Or disabling image loading, maybe it works fine on the first few sites you
visit, but then you go to the google homepage and it stops working - what do
you do then? What broke that functionality? What if you're not the person who
[un]checked the box?

The perspective of the post is about how regular users might easily find
themselves in a situation where "basic" settings broke core functionality in
the browser unintentionally, without guidance on how to fix it.

I do like the "config change history" idea, though that might be Yet Another
Panel(tm) that's too complicated for the regular user. But maybe there's a
"Big Red Button" that firefox could have that sets things back to a "standard"
or "known good" config. These types of things are great for novice users
because you can tell someone, "Look, if you get into trouble, don't know
what's going on, hit the big red button".

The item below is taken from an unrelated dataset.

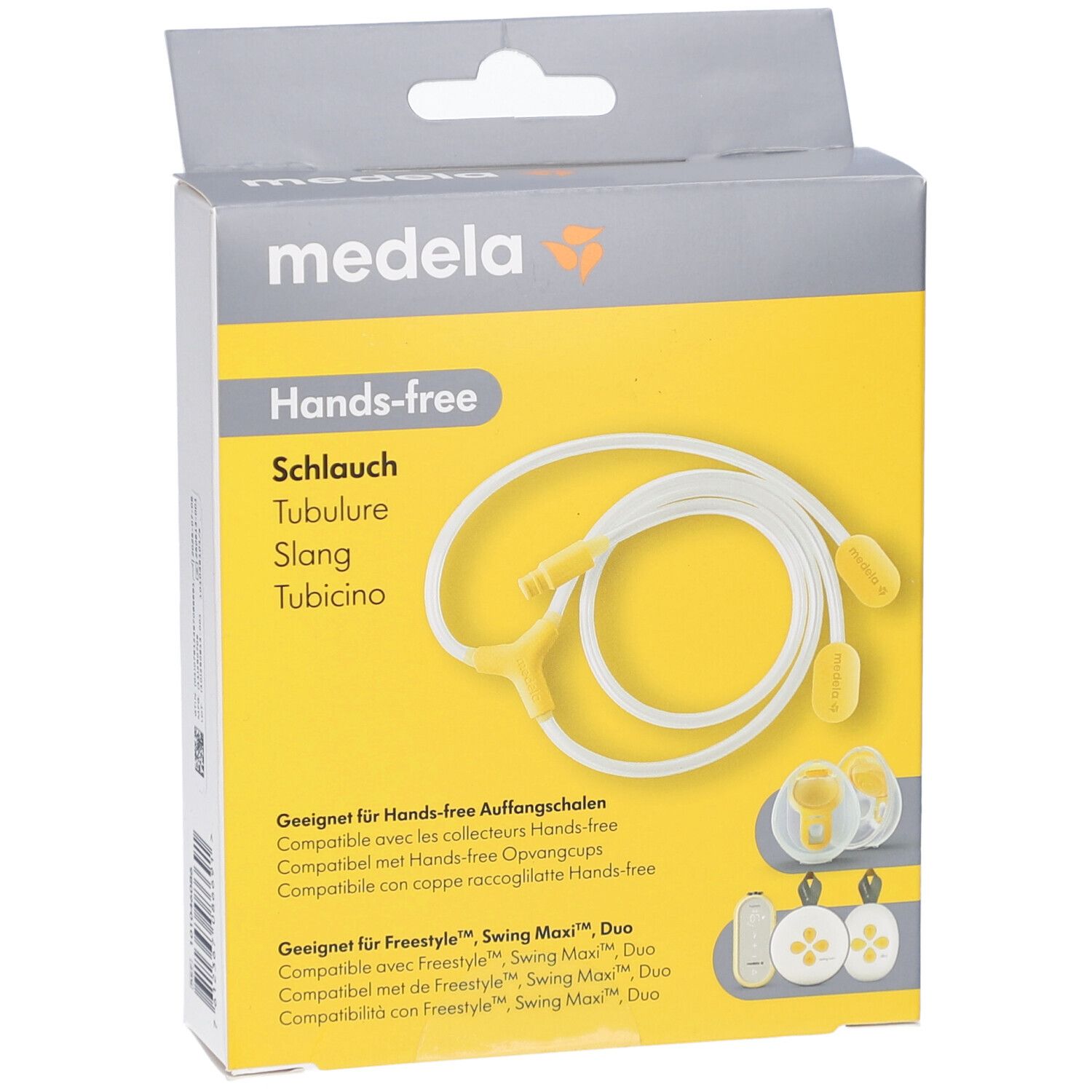 Verpackung mit Produkt. Aufdruck: Medela, Hands-free Schlauch. Gelber Hintergrund. Schlauch und Zubehör abgebildet.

I've used stuff like this for certain family members who are not great with
cmoputers - rather than trying to teach them all of the different knobs to
twiddle, spend a lot of time teaching them how to get to a known good state
("Close all fo the windows and restart", etc.).

------
realusername
I really don't understand how it is a problem, these options are surely useful
for a portion of the userbase otherwise they would not be displayed. I'm
pretty sure people browsing with a 33k modem connection would enjoy disabling
images so everything could be faster and you can find examples for any item of
this list.

All these options are under the configuration menu anyway so no inexperienced
user are not going to go in this menu anyway... I don't really see the point
this article is trying to make.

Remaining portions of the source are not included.